Will banks delay lending rates cut post RBI's CRR move?
Because of this move, the total CRR requirement of the banks would be around Rs 8 lakh crore.
Post the Reserve Bank of India's move to raise the cash reserve ratio (CRR) of banks to 100% of all net demand and time liabilities (NDTL), banks can delay lending rates cut, a report said.
The banks are flushed with liquid cash post demonetisation. In order to control this surge created in banks, the Reserve Bank of India on Saturday called for 'surgical strike' move.
As per the RBI, the higher CRR is applicable on incremental deposits raised between September 16 and November 11, 2016. That would mean deposits of approximately Rs 3 trillion that accrued to banks during this period will be impounded by the RBI.
According to a Crisil report, there will be an impact on interest rate transmission. "Banks could delay cutting their lending rates given that they have promised at least 3-4% interest rate to savings account depositors, but will be not be receiving any interest on the deposits impounded for CRR".
The immediate impact will cause liquidity to tighten and send bond yields on a northward blip as in the the coming days in the aftermath of demonetisation, will ease the pressure on yields, the report said.
Moroever, it will be the key factor driving the repo rate decision during the bi-monthly monetary policy on December 7.
Dharmakirti Joshi, Chief Economist, Crisil, in the report titled 'Wielding the blunt drainer', said, "Since the last monetary policy review in October, the downside risks to growth have risen and that to inflation have subsided. The fall in the value of rupee could exert some upward pressure on the imported component of inflation. We believe the odds are in favour of a 25 bps repo rate cut to 6%".
Having similar views on rates cut, SBI Research in its report said, "We expect the RBI now to cut rates aggressively in December upto 50 basis points".

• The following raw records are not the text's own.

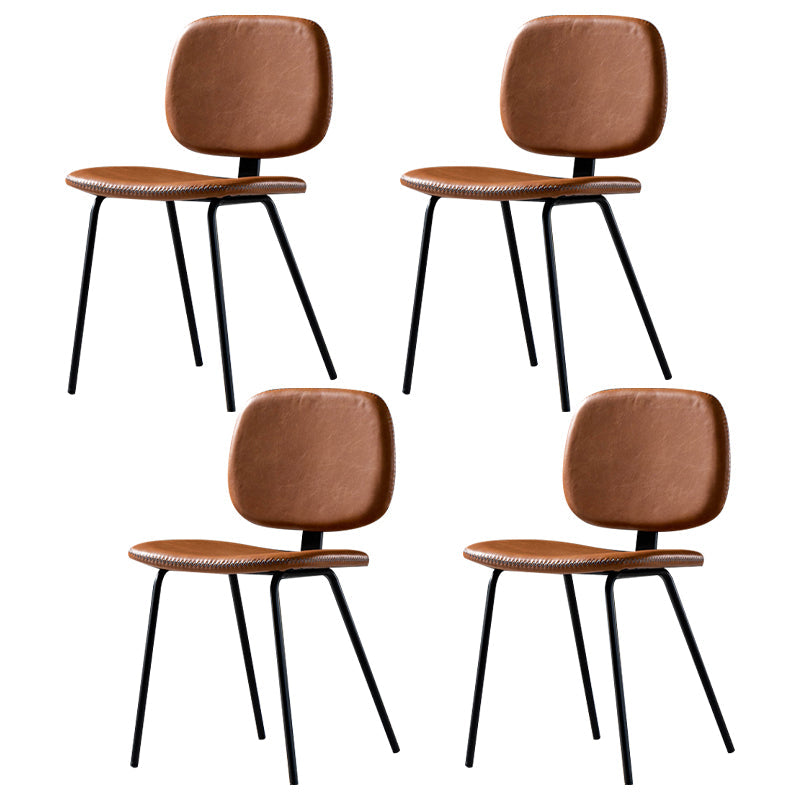 Contemporary Modern Metal Indoor-Outdoor Chair Open Back Side Chair Brown-Khaki 4 Piece Set Clearhalo 'Dining Chairs' 'Dining Tables & Seating' 'dining_chair' 'furn' 'furn_dining_chair' 'Furniture' 'furniture_dining_chair' 'Kitchen & Dining Furniture' 4781414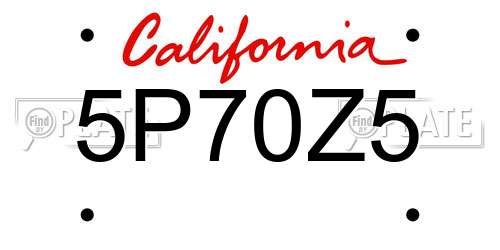 5P70Z5 California License Plate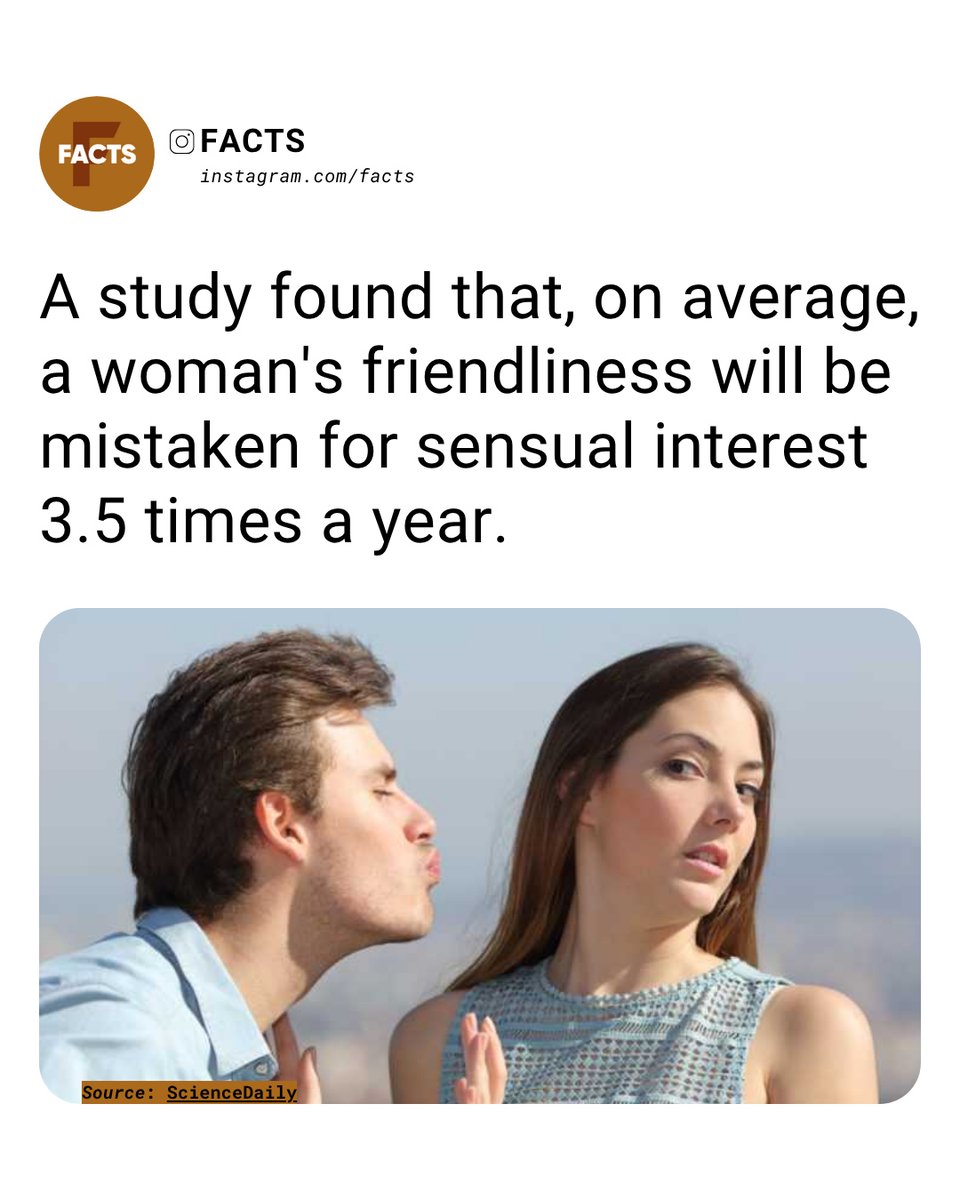 MalorieValrk's tweet photo. The results show that both men and women feel the opposite sex misinterprets their social signals. Women said friendliness toward men was mistaken for sexual interest about 3. 5 times a year, while men reported this far less often. Men rarely https://t.co/c15e422IUN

Because of this move, the total CRR requirement of the banks would be around Rs 8 lakh crore. Also, banks will have to resort to selling of Government Securities under repo operations in order to manage their liquidity position, the SBI report said.
"In the next two days, a total of Rs 1.72 lakh crore will be coming back into the system. Moreover, RBI today announced variable rate repo auction of whopping Rs 3 lakh crore. Thus, the system liquidity will remain comfortable", SBI research paper said.